Without any doubt, the camera that over the years has provided the best practical quality & versatility for crime scene imaging is the 35 mm SLR film camera with a normal 55 or 60 mm lens. I have used all formats from 4 x 5 inch crown graphics, 120 mm medium format, 35 mm format and various digitals. With the equivalent of nearly 90 MB of data in a single frame, few digital cameras in use even today are capable of even approaching the quality.
With that said, digital technology evolves and advances at such a rapid pace that digital quality may eventually pass the quality that comes with the old fashioned film cameras I just mentioned. In fact, this new age of digital innovation has played a key role in the advancement of evidence tracking software used by law enforcement throughout the country.
While most Forensic Identification Sections have moved away from film cameras and darkrooms, there definitely is a void in the image quality previously available with film when crime scene photos are not recorded by that method. But with today’s emphasis on instant photos quickly disseminated to numerous parties, the digital image can be distributed via email or printed from a portable printer for a cheap and quick hard copy image.

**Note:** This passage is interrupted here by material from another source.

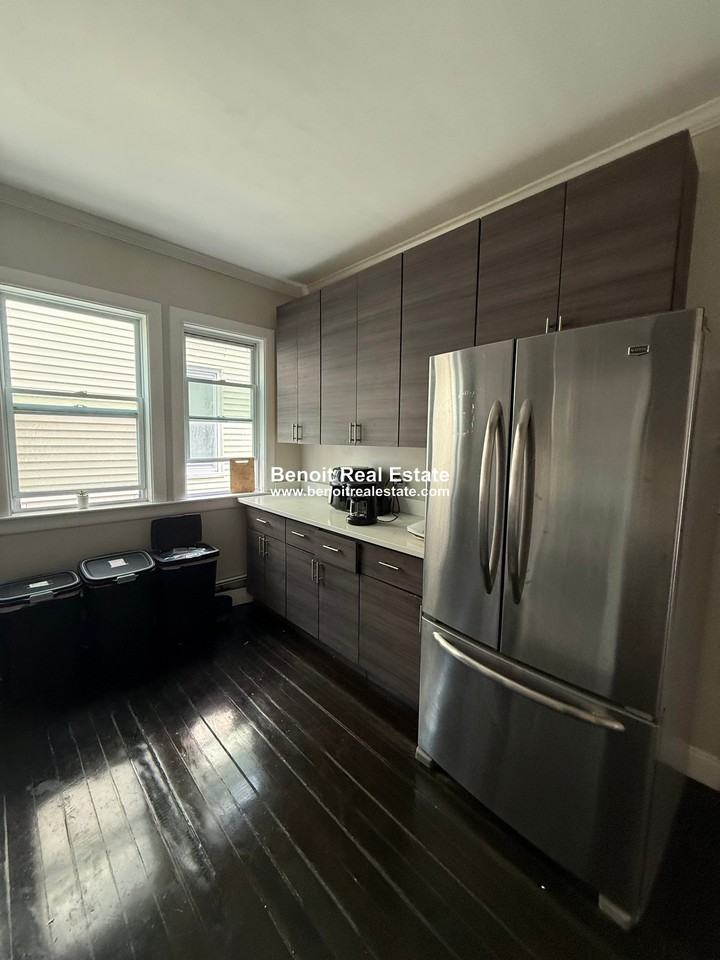 Highland Ave #2 - Photo 2 of 10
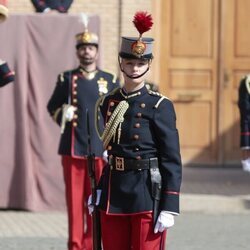 La Princesa Leonor con el uniforme de gala del Ejército de Tierra y fusil en su Jura de Bandera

But with the proliferation of software capable of adjusting and/or altering the digital image, one must be careful to use the correct protocol to ensure the admissibility of these photos in court.
Several years ago, a camera store owner told me that if he were ever a jury member, he would never accept as evidence a digital photograph because of what can be done to alter the image. My comment was that with my film background, I certainly would be able to add his image to any photograph that I desired, and that I could produce a negative for him to ‘prove’ its authenticity, if that was all it took. However, the credibility of the court witness is of paramount importance in the admissibility of crime scene photos.
We’ve all seen digital photos that have been “shopped” using programs like Photoshop. We create some for fun and even try and fool the masses with photos of UFOs. With that said, the point is not lost in the fact that digital photography still has “loopholes” when it comes to evidence gathering and integrity.